Delaware Court of Chancery Invalidates Common Provisions in Stockholder Agreements

With a stroke of the pen, the Delaware Court of Chancery invalidated commonplace provisions in scores of stockholder agreements relating to public corporations and likely many more relating to private corporations.  In West Palm Beach Firefighters’ Pension Fund v. Moelis & Company (“Moelis”)[1], Vice Chancellor J. Travis Laster, struck down an entire package of stockholder veto rights and held that provisions in a stockholder agreement purporting to restrict the size of the board of directors, requiring the board to recommend in favor of a stockholder nominee, requiring the board to fill any vacancy on the board with a stockholder nominee or to include a stockholder nominated director on committees of the board, are all facially invalid as a matter of Delaware law.  Vice Chancellor Laster noted that many of these provisions would have been valid if set out in the corporation’s certificate of incorporation, rather than in the stockholder agreement.

Factual Background

At the center of the case is boutique investment bank Moelis & Company and the stockholder agreement that it entered into with its eponymous founder (the “Founder”) just prior to its IPO in 2007.  The stockholder agreement gave the Founder a number of rights and protections, specifically:

  • 18 veto rights over various corporate actions;[2]
  • a requirement that the board size not exceed 11 members (the “Size Requirement”);
  • a right to designate a majority of the 11 board members (the “Designation Right”);
  • a requirement to nominate the Founder’s designees for election to the board (the “Nomination Right”);
  • an obligation that the board recommend that stockholders vote to elect the Founder’s designees to the board (the “Recommendation Requirement”);
  • a requirement that the Company use reasonable best efforts to enable the Founder’s designees to be elected and continue to serve on the board (the “Efforts Requirement”);
  • a requirement that the board fill any vacancy in any seat previously occupied by a Founder designee with a new Founder designee (the “Vacancy Requirement”); and
  • a requirement that the Board populate any committee with a number of the Founder’s designees that is proportionate to their membership on the full board (the “Committee Composition Requirement”).[3]

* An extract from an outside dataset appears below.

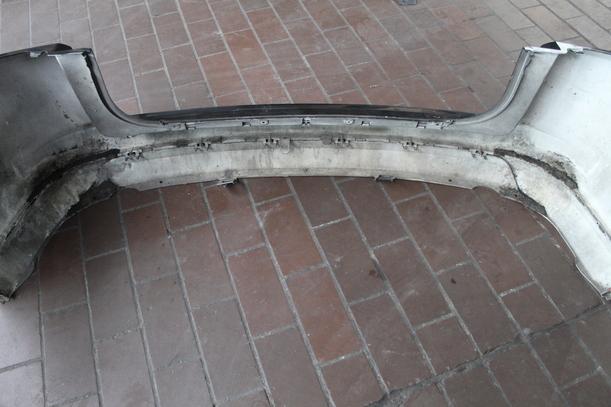 Foto: STOSSFÄNGER / STOSSSTANGE HINTEN eines Opel Signum 1.9 CDTI GL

It was undisputed in the case that the stockholder agreement was disclosed and that stockholders who purchased shares in the IPO were on notice of the stockholder agreement entered into more than 15 years before this claim was brought.[4]

Analysis and Findings

The Court’s starting point for its analysis was §141 of the Delaware General Corporation Law (“DGCL”), which provides in pertinent part that, “the business and affairs of any corporation. . . shall be managed by or under the direction of a board of directors, except as may be otherwise provided in. . . its charter.”  Following an extensive analysis of Delaware’s DGCL §141 jurisprudence, the court enunciated a two-factor test for assessing these types of provisions: 

  1. does the provision at issue constitute part of the corporation’s internal governance arrangement; and
  2. does it have the effect of removing from the directors in a very substantial way, their duty to use their own best judgment on management matters?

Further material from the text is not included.